Two more possibilities and I’m done. One has to do with the degree to which an organization has enough intellectual capital, perhaps represented as the number of specializations it masters through one or more of its members. I frankly don’t like this metric at all: it is, again, too ambiguous, and too inaccessible. But it seems to me that there is something to the insight that “larger” organizations have a greater number of experts in a variety of fields. The basement start-up may have little more than a couple of software-oriented generalists, while Microsoft has experts in internationalization, compilers, user interface, databases, security, performance, and many other domains, not to mention non-software expertise such as in law, marketing, human resources, public relations, and more. So the number of specializations metric shouldn’t be dismissed completely.

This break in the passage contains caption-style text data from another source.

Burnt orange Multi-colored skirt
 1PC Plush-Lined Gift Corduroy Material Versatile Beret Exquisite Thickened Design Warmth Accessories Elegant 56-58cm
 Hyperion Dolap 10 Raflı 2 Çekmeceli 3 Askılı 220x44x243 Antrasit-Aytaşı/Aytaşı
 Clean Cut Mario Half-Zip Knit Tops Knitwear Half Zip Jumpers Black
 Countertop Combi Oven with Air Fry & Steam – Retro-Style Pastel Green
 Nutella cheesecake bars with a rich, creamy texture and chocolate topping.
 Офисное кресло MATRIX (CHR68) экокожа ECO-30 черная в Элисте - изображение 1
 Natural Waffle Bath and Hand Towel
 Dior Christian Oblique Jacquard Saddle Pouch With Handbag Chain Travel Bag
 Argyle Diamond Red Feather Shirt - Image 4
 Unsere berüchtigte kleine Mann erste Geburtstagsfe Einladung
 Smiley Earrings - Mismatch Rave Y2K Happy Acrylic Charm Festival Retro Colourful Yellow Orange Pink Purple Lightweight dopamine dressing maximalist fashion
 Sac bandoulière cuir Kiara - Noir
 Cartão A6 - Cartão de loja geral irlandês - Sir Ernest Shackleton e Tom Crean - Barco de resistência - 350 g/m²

Finally, we can try to assess size through the number and kinds of external agents that an organization has to deal with. By “external agents” I mean mostly users and paying customers, but also policy makers, advocates, community members, and so on. According to this metric, an organization that only produces software to be used by itself is far smaller than one that produces software that is highly (un)popular for wide sectors of the population. If you are your only customer, your software will probably not be as complex as it would be if people from all over the world needed to use it, and this complexity in the software and its requirements would translate into a complexity of the structure of the organization that produced it.
This, like the others, is a deficient metric. Though it is somewhat accessible, it doesn’t fully match the intuition we want to capture. It would claim that a massive and massively inefficient organization would be equivalent, size-wise, with a lean, brash, innovative start-up, which may not be what we want.
So. I’ve gone through a lot of possible metrics, and I’ve listed the reasons why they’re imperfect. I suspect the reason why it’s so hard to pin down organizational size, which sounds simple in principle, is that there’s a lot of confusion about what it means to organize in the first place—I mentioned this above, and will expand on it later.
I don’t think this means that we shouldn’t use size metrics at all. John Kimberly, an organizational scientist, explored a similar thorny issue, for a more general case, and argued, back in 1976, that:
“It is perfectly possible that the important variable is not really size at all, and that this has simply been a heading under which researchers lacking any sharper theoretical perspective have lumped many variables together. Even if it is felt that jettisoning the concept would be premature, at the very least a more differentiated approach would lead to the identification of several aspects of the global construct. Researchers would be constrained to think less about the question of how big a given organization is and how this bigness might be the cause or consequence of other organizational characteristics, and more precisely about under what conditions particular aspects of size are important for what other organizational characteristics.”
Each of the aspects of size I discussed is useful for some purposes, but we need to be careful to select the one(s) that would work better for our problems, and be aware that each carries with it some flaws that may bias our results.